My article “My Continuing “Encounter” Experiences” in our 2004 MLSSA Journal reported that the scientists “discovered eight new species of jellyfish. The results of the expedition were released in the “South Australian Geographical Journal”, the Journal of the Royal Society of South Australia. These (jellyfish) details were reported in our February 2004 Newsletter (No.307)” (following the report about Greg Rouse’s Myzostoma worms).

Greg’s discovery of Myzostoma australe was also reported in the “South Australian Geographical Journal”, the Journal of the Royal Society of South Australia. His description is reported in the article “Encounter 2002 Expedition to the Isles of St Francis, South Australia: Myzostoma australe (Myzostomida), A new crinoid associated worm from South Australia” in the “Transactions of the Royal Society of S.Aust (2003).

In his opening summary, Greg wrote that “No Myzostomida have been described from southern Australian waters. Most of the described myzostome taxa to date have been found in the warmer waters of the Indo-Pacific, where their crinoid hosts are most diverse. In this paper a new myzostome, Myzostoma australe n.sp., is described from the crinoid Ptilometra macronema (Muller 1846) (Ptilometridae) taken from waters off the Nuyts Archipelago, near Ceduna, South Australia”.
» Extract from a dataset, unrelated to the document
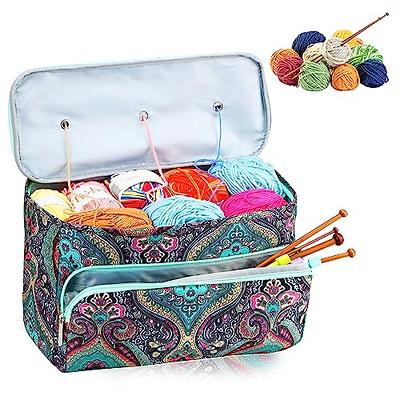 Yarn Storage Organizer Bag Knitting Tote Bag Cuboid with Zipper Closure and  Pocket for Knitting Crochet Project Accessories Knitting & Crochet Supplies  Gifts for Crochet Lovers (Cashew Flower) - Yahoo Shopping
He went on to say that “Myzostoma australe is an ectocommensal on P. macronema and somewhat resembles other Myzostoma informally placed as the ‘ambiguum’ group by Grygier (1990). It differs from these in having a markedly ellipsoidal body with an oval arrangement of parapodia displaced forward, combined with the anterior two pairs and posterior pair of cirri being longer than the rest. There has previously been no myzostome recorded from any species of Ptilometra”. More details about Ptilometra macronema later.

Greg’s article went on to describe Myzostomida in the Introduction and the numbers of species recorded from around the Australian coast. Myzostome expert Mark J Grygier indicated one species of myzostome from SA waters but did not describe or name it. He had indicated in 1990 that his myzostome species (No.37) occurs on the comasterid crinoid Cenolia trichoptera (Muller, 1846).